*** Begin section ***

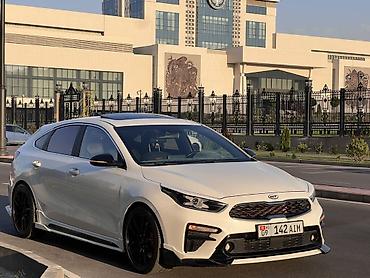 киа к3 gt: Kia K3: 2019 г., 1.6 л, Автомат, Бензин, Лифтбек — 5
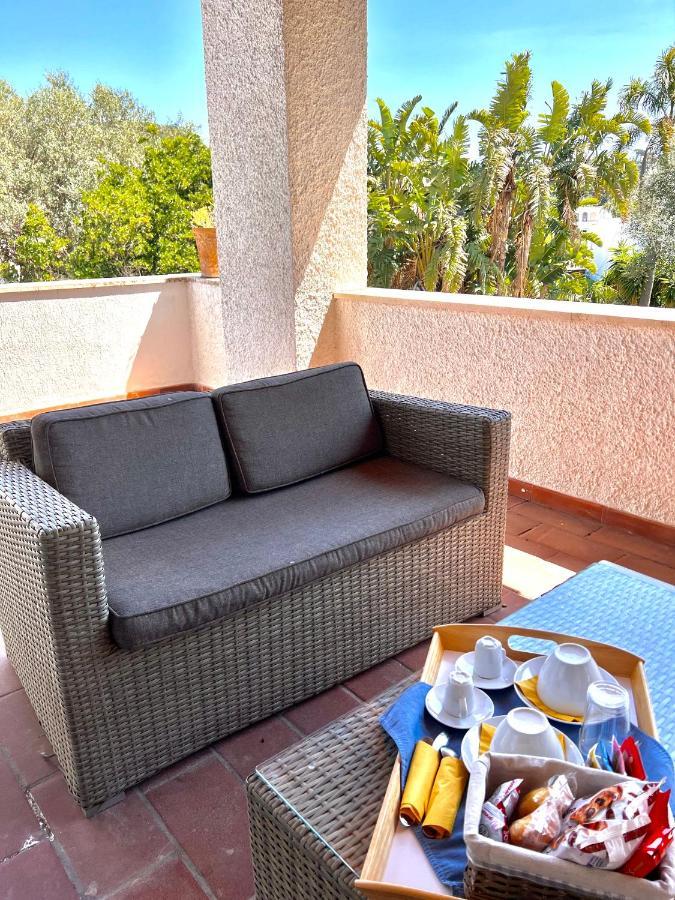 B&B Villa Regine Forio di Ischia 外观 照片
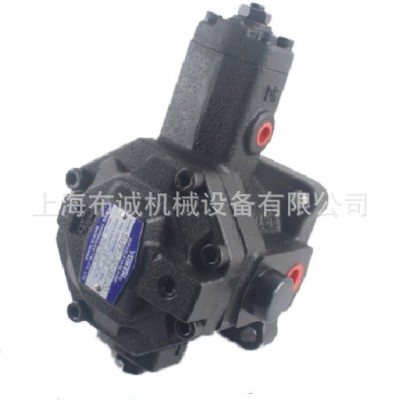 台湾油研YUKEN叶片泵SVPF-12-70-20,车床油泵SVPF-12-35-20图5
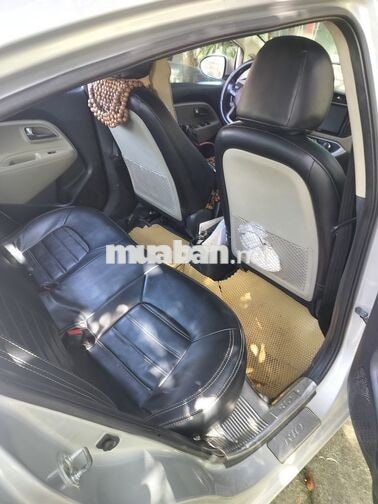 Kia Rio Sedan Bạc 561.266 km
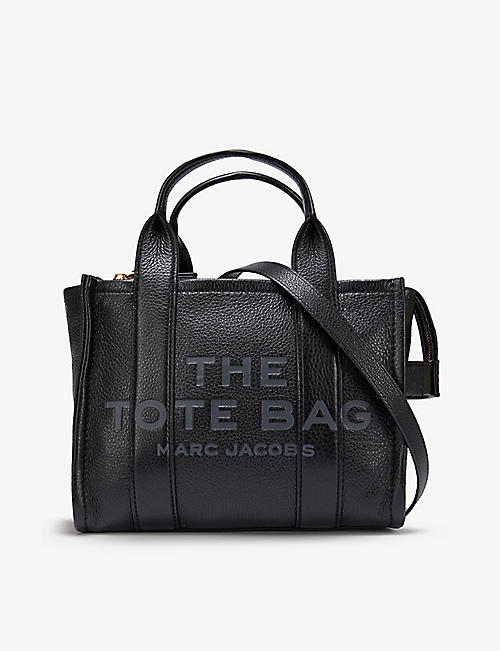 MARC JACOBS: The Tote small leather tote bag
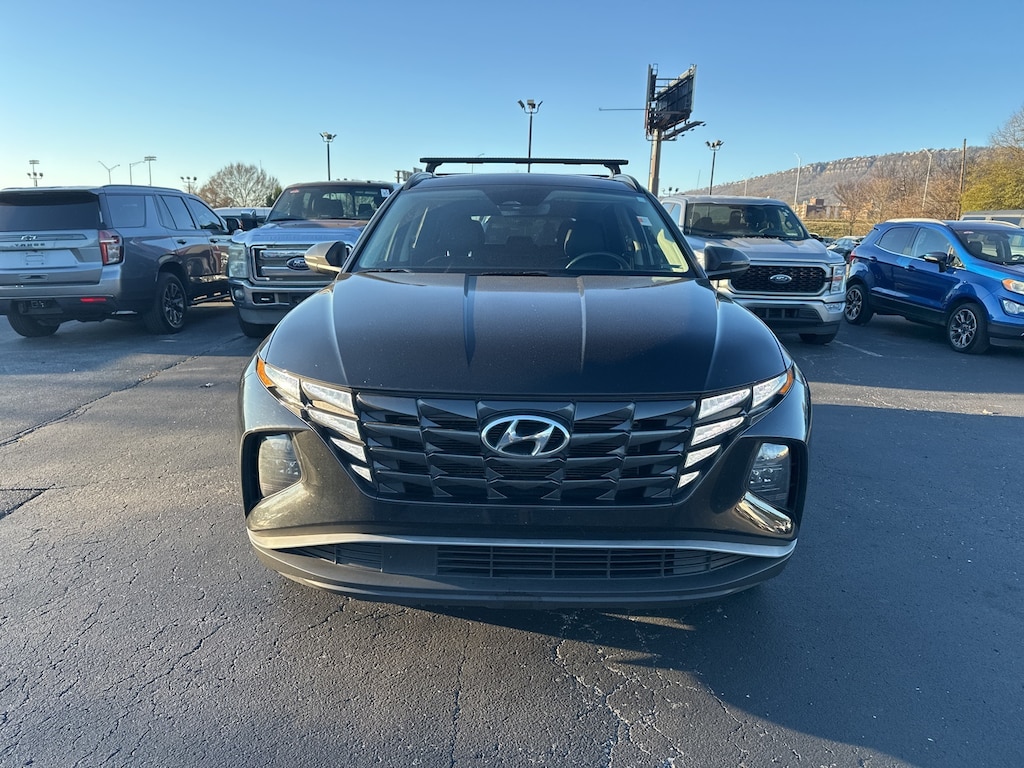 Used 2023 Hyundai Tucson SEL SUV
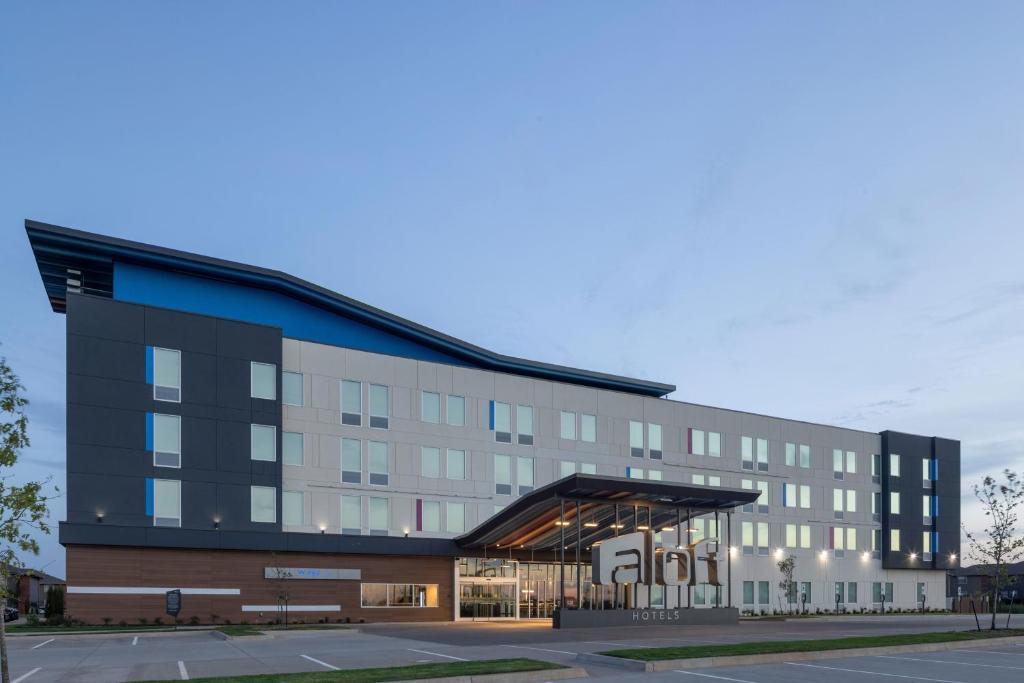 Aloft Hotel, photo 3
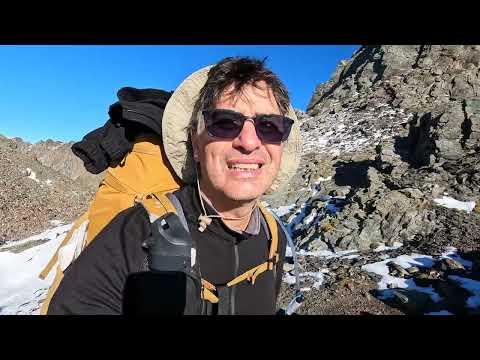 Isère (38) Massif de Belledonne Septembre 2023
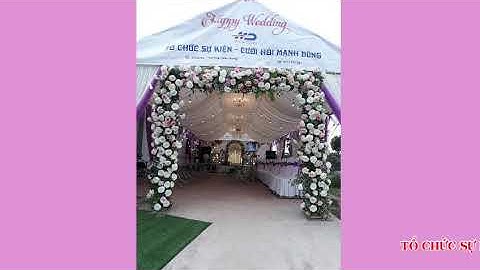 Đám cưới đẹp tại Yên Thế-Bắc Giang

*** End section ***

* What you should do
Only the lines from the one with "Kia Rio Sedan Bạc 561.266 km" through the final line of the entries belong in the answer, set down exactly, with both ends included and no pictures.

* Response for this exercise
 Kia Rio Sedan Bạc 561.266 km
 MARC JACOBS: The Tote small leather tote bag
 Used 2023 Hyundai Tucson SEL SUV
 Aloft Hotel, photo 3
 Isère (38) Massif de Belledonne Septembre 2023
 Đám cưới đẹp tại Yên Thế-Bắc Giang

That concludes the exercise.